Compressors are mainly driven mechanically. The advantage of what is referred to as a clutch compressor has only become a current issue again in the last few years as fuel prices have continuously risen. Continuously supercharged compressors are also the state of the art, in particular in the USA. For example, DE 102008004807A1 discloses a supercharged clutch compressor.
Electronically regulated air conditioning systems are also state of the art and are installed on a series basis in utility vehicles which are braked using compressed air. A fresh gas supply device is known, for example, from WO2006/089779A1. All the systems in themselves provide advantages with respect to saving fuel, emissions and/or the transient performance capability of a vehicle. However, the overall potential taking into account the requirements of the internal combustion engine with an exhaust gas turbocharger are not implemented.
The object of the invention is therefore to make available improved methods for regulating the charge air pressure of an internal combustion engine of a vehicle having an exhaust gas turbocharger, wherein the above disadvantages are overcome or significantly reduced, and further advantages are provided. A further task of the invention is to specify corresponding devices.
An inventive idea consists in the fact that when there is a torque request to the internal combustion engine, the charge air pressure is regulated by suspending supply of compressed air, supplied by the exhaust gas turbocharger, to the compressor, as a result of which the charge air pressure quickly rises to a setpoint value, and the turbo lag is considerably reduced.

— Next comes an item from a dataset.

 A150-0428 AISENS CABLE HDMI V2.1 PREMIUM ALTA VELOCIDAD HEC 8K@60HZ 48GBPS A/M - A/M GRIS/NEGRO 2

Excellent acceleration values together with at the same time optimum consumption values are obtained.
This permits the following advantages to be implemented:
(1) maximum feeding of air by the compressor in the supercharged state, in particular in over-run phases or braking phases of the vehicle, in order to supply or fill the vehicle air system with air,
(2) maximum feeding of air by the compressor in the supercharged state, in particular in phases in which the internal combustion engine does not require the maximum quantity of fresh air and an excessively high charge pressure is present (for example partial load or waste gate phase), in order to fill the vehicle air system.
Accordingly, a first method for regulating a charge air pressure of an internal combustion engine of a vehicle having an exhaust gas turbocharger, a fresh gas supply device, a vehicle air system with an air conditioning system and with a compressor, which can be supercharged by the exhaust gas turbocharger, and an engine control unit, has the following method steps:
(1) registering of a torque request to the internal combustion engine, the determination of a current charge air pressure and the determination of a current pressure of the vehicle air system;
(2) comparison of the current charge air pressure with a setpoint charge air pressure which corresponds to this torque request, and
(3) comparison of the determined, current pressure of the vehicle air system with a setpoint operating pressure of the vehicle air system; and
(4) regulation of the charge air pressure by suspending the supply of compressed air, supplied by the exhaust gas turbocharger, to the compressor if the determined, current charge air pressure is lower than the corresponding setpoint charge air pressure and the current pressure of the vehicle air system is higher than or equal to the setpoint operating pressure of the vehicle air system.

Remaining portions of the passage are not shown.